:: INPUT ::
┌──
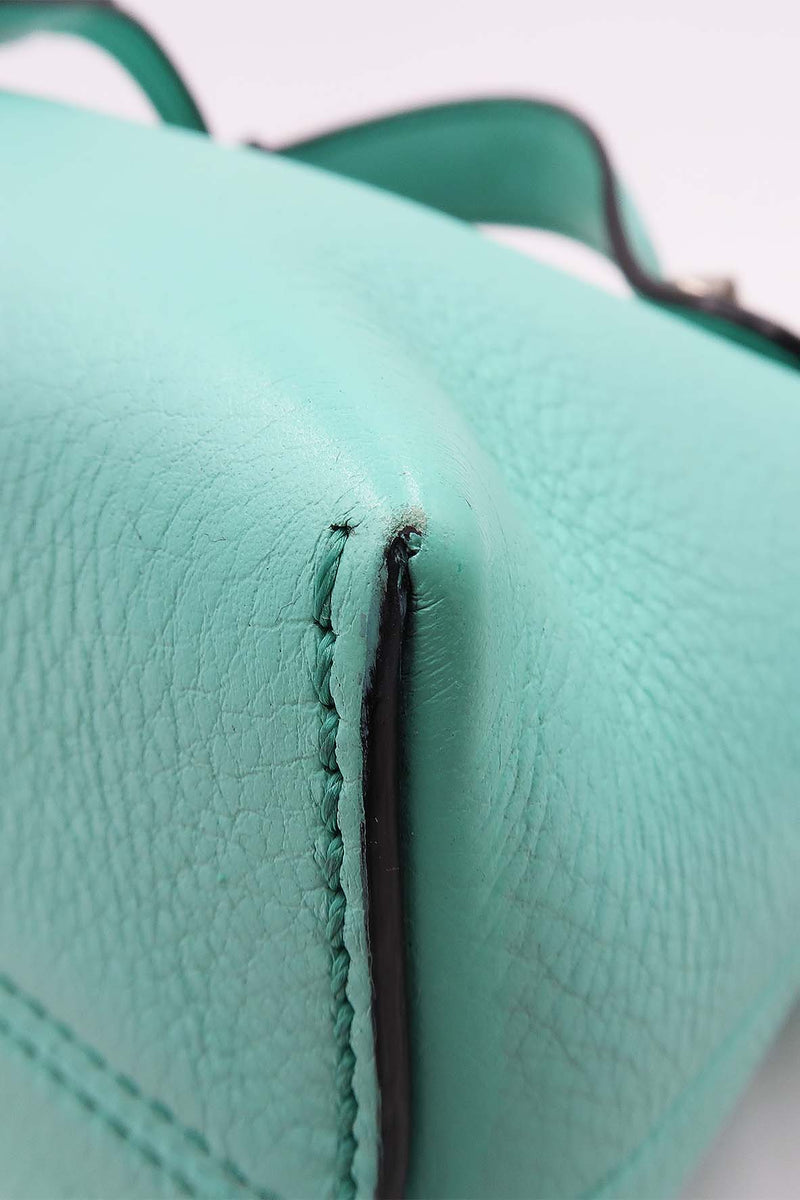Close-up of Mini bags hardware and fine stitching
└──
┌──
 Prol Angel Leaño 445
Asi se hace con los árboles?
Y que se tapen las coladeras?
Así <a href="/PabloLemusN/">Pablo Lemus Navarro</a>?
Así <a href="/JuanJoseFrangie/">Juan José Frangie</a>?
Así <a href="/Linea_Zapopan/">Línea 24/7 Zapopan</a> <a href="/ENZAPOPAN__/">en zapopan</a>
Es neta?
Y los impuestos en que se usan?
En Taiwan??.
└──
┌──
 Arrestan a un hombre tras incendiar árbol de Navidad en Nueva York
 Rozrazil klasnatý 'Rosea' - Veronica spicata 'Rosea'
└──
Could you copy each line in the listing above that includes the word "href"?

:: RESPONSE FOR THIS EXERCISE ::
Así <a href="/PabloLemusN/">Pablo Lemus Navarro</a>?
Así <a href="/JuanJoseFrangie/">Juan José Frangie</a>?
Así <a href="/Linea_Zapopan/">Línea 24/7 Zapopan</a> <a href="/ENZAPOPAN__/">en zapopan</a>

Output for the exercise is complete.